Yabancılaşma ve Otizm


Mengi A.

IX. Ulusal Sosyoloji Kongresi, Ankara, Türkiye, 19 - 21 Eylül 2019, cilt.1, sa.1, ss.286-288

  • Yayın Türü: Bildiri / Tam Metin Bildiri
  • Cilt numarası: 1
  • Basıldığı Şehir: Ankara
  • Basıldığı Ülke: Türkiye
  • Sayfa Sayıları: ss.286-288
  • Van Yüzüncü Yıl Üniversitesi Adresli: Evet

Özet

Otizmde yabancılaşma, insanın kendine ilişkin farkındalığını kaybetmesidir. Sosyal ilişki bilinçli davranışları gerektirir, oysa kendi farkındalığı olmayan insanın ilişkileri de olmaz. Bu durumdaki insan kendini (sosyal olarak) konumlandırabileceği bir etkileşim ağı içerisinde yer alamaz. İnsan, sosyalleştirme süreçleri sonucunda toplumun bir üyesi haline gelir. Bu süreçte bir aksama olur ve bilinç hali, bir mensubiyet (aidiyet) ve o sosyal yapı içinde bir var olma algısı oluşmaz ise kişi, yer alabileceği bir etkileşim ağı içerisinde kendisini tanımlayamaz. Oysa iletişim bireyin toplumsal var olmasının temel aracıdır. Eğer birey içinde bulunduğu sosyal çevresiyle iletişim kurmayı başaramıyorsa, dışındakiler de onunla iletişim kur(a)mazlar. Birey, sosyal etkileşim ağı içinde varlığını iletişim yoluyla hissettirdikçe, sosyal bir kimlik kazanır. İletişim ve etkileşim, haberdarlığı sağlarken haberdarlık da farkındalığın oluşmasını sağlar. Çünkü haberdar olma, iletişimde bulunulanın bilgisine sahip olmayı, bilgi ise anlamlandırmayı, zihin sistematiğinde bir tanımlamayı ve bir konuma yerleştirmeyi meydana getirir.
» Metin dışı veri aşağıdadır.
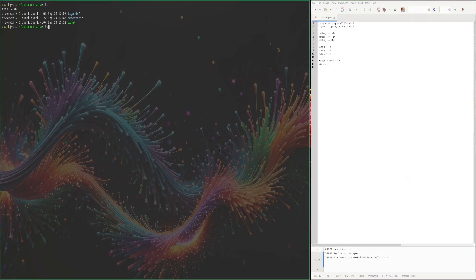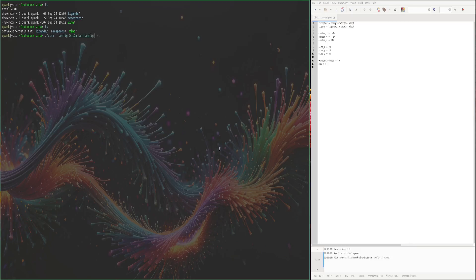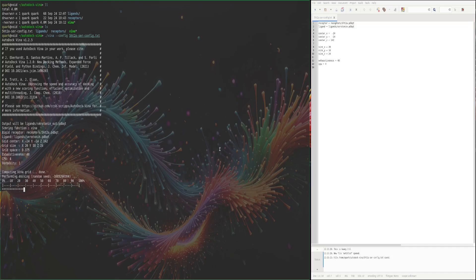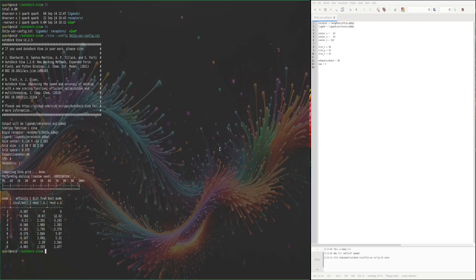If we look in the folder we can now see our configuration file. We run Vina from the command line using ./vena --config 5ht2a_ser_config.txt, and Vina will read all of the configuration settings from the text file. We can see it's running and we get very similar results as before — a binding affinity of -6.6 kcal/mol, confirming that serotonin is a good binder for the 5-HT2A receptor.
Böylece insan iletişim ve etkileşim sayesinde çevresinin bir parçası olarak kendisinin farkına varır ve bu algıyı geliştirir. Dolayısıyla sosyalleşme sürecinde mensubu bulunduğu toplumun sosyal ve kültürel aktarımları çerçevesinde kendisini konumlandırır ve anlamlandırır. Otizmli bireylerin temel sorunları da bu bağlamda ortaya çıkmaktadır. Bu bireyler, otizm spektrum bozukluğundan etkilenme derecesine bağlı olarak, sosyalleşme yaşayamamaktadırlar. Bunun sonucunda da otizmli bireyler kendi dışındaki her şeye karşı bir yabancılaşma yaşamaktadırlar. Ayrıca otizmli çocuğu olan aileler açısından da toplumun zamanla oluşan dışlayıcı tavırları sonucunda içine kapanma ve yabancılaşma süreci oluşmaktadır.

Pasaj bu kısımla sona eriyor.